As we move ever nearer to the referendum vote on whether or not the UK should remain a part of the EC, a number of organisations and businesses are beginning to ask what the employment law implications of “Brexit” would be.

This is an important question because a significant proportion of the UK’s employment law is derived from the EU. If Brexit were to happen, then Parliament would in theory be able to repeal much of that legislation, and the UK Courts and Tribunals would no longer have to defer to the European Court of Justice in cases involving EU law.

Brexit would allow Parliament to revisit the statute books, and over time that could mean that some of the most unpopular elements of EU based employment law legislation could be amended or in some cases be repealed altogether.
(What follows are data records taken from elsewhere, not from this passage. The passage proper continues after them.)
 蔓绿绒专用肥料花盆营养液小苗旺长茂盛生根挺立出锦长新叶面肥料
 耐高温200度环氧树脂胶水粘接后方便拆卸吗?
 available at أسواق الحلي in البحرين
For example, a post-EU Government could choose to:

• abandon the 48 hour working week;
• reduce or do away with the collective redundancy consultation requirements;
• introduce changes that would make it easier for employers to harmonise individual terms and conditions of employment following the acquisition of an existing business; and
• impose an upper limit on the amount that could be awarded to claimants in discrimination claims.

Other pro-employer changes would also be possible in the areas of holiday pay entitlements and the rights afforded to agency workers.

It is important though to remember that protections for workers and employment rights existed long before the UK’s entry to the EU in 1973, and there is no reason to suspect that some of the key protections for UK workers (e.g. the right not to be unfairly dismissed and the right not to be discriminated against) would alter significantly in the event of an exit. LFDT logo

In addition, a significant proportion of the UK’s existing employment rights (including the National Minimum Wage, the right to request flexible working and shared parental leave) are the result of purely domestic legislation and have nothing to do with the UK’s membership of the EU. It’s true also to say that in some cases (notably in relation to annual leave entitlements, maternity leave and pay), the rights afforded to UK workers go further than the UK’s membership of the EU requires.

Another important factor that cannot be overlooked relates to the fact that a key priority for the UK Government in the event of the UK leaving the EU would be the negotiation of a free trade agreement. After all, an exit would not alter the fact that Europe would easily remain the UK’s biggest export market. It is entirely conceivable that the EU would make the UK’s continuing acceptance of its social and employment regulations a key requirement in any such deal.

A vote for Brexit on 23 June would certainly pave the way for legislative changes; however it seems that a wholescale reformulation of existing UK employment law would be extremely unlikely.